The enzyme properties that related to its thermostability and effect of temperature on the activity were nearly similar to that of B. subtilis xylanase. The optimal temperature of B. subtilis xylanase was also at 50°C and it was moderately thermostable at 50°C. However, the optimal pH of B. subtilis xylanase and that of the Indonesian B. licheniformis xylanase were different (Huang et al. 2005).

Actually, the focus of our work was not only to isolate family 11 endoxylanase gene, but also family 10 endoxylanase. Unfortunately, using both degenerated and specific primer PCR-cloning approach we could not obtain the family 10 xylanase gene. Some studies on family 10 endoxylanase (Sunna and Bergquist 2003; Sunna et al. 2000; Ali et al. 2004) mentioned that the enzymes were more thermostable than that of family 11. The molecular mass of the family 10 enzymes were mostly larger than that of the family 11 and some of the family 10 have cellulase activity. Since the family 11 endoxylanases do not have cellulase activity, moreover, they have smaller molecular mass and more compact size than family 10 endoxylanases, therefore they can penetrate easily into the cellulose fiber. Hence, this kind of xylanases is very suitable for many applications (Torronen and Rouvinen 1997; Oakley et al. 2003).

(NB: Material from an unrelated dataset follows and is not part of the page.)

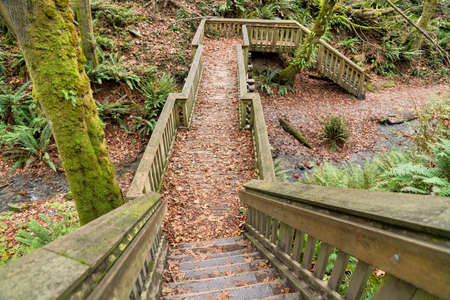 Wooden stairs leading to a small bridge over a creek at Washington
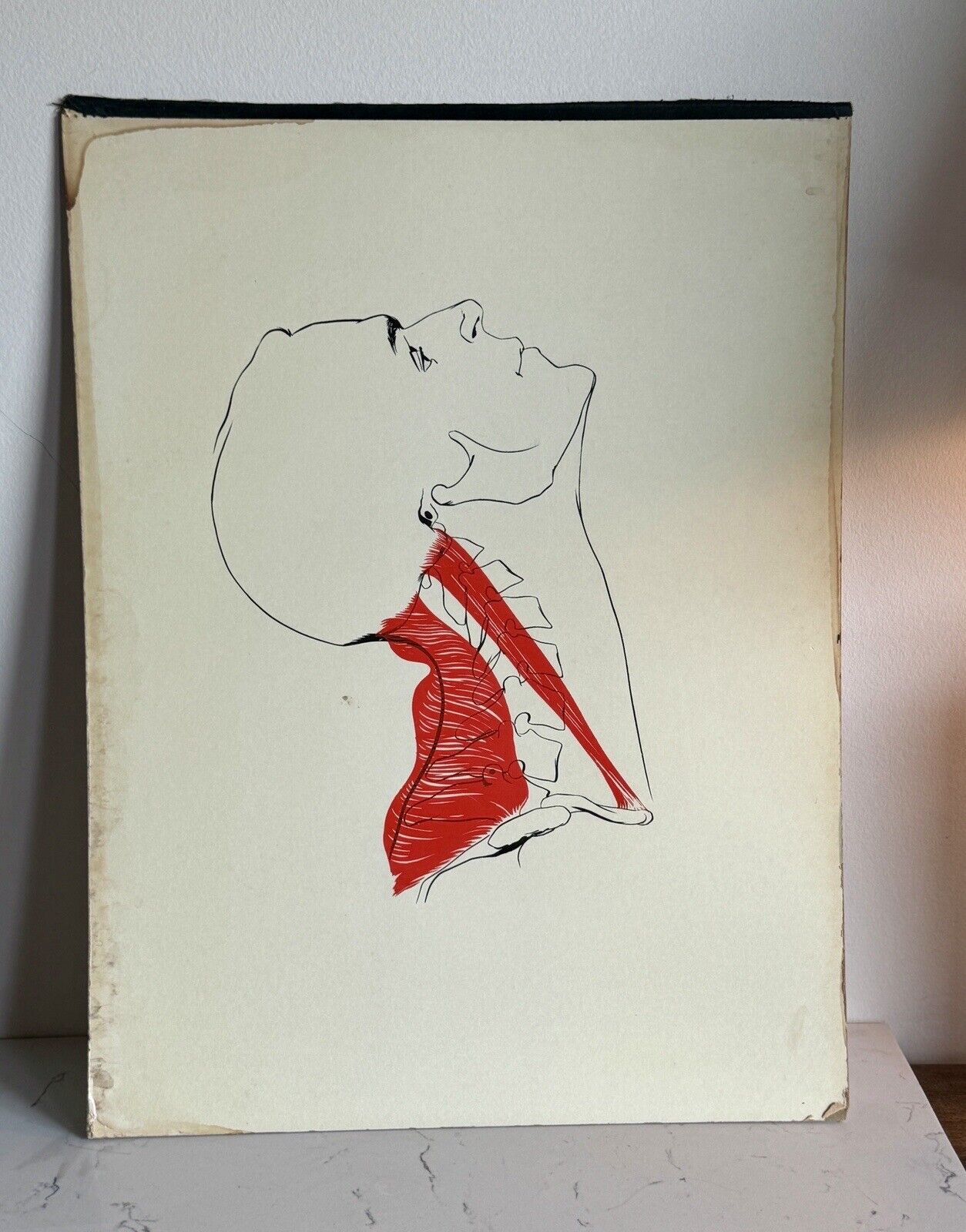 Vintage Mid Century Medical Neck Chart Art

The recombinant xylanase described here showed a good activity at pH 6–8 and a good stability at 40°C, and it also has no damage in cellulose fiber. Therefore, it is expected to be a good candidate for ecologically friendly catalyst in the conversion of agricultural wastes such as water hyacinth stalks or rice straw into more valuable product. These water hyacinth stalks and rice straw are abundantly available in Indonesia (Wiloso et al. 1995). Actually, this recombinant xylanase showed a good potency as a catalyst in pulp-making for high quality art paper from water hyacinth stalks and rice straw (Muksin 2006).

Using E. coli as a host for recombinant xylanase we could improve the enzyme productivity that might be useful for application. Cloning xylanase gene in E. coli also promises further engineering of the enzyme to obtain better enzymes properties. However, in current work the recombinant xylanase was only observed mainly in the intracellular fraction, application using E. coli as a host might not be economically feasible. Therefore, another alternative such as further subcloning of the xylanase gene in mesophilic Bacillus is in progress, so that the gene could be overexpressed as an extracellular enzyme.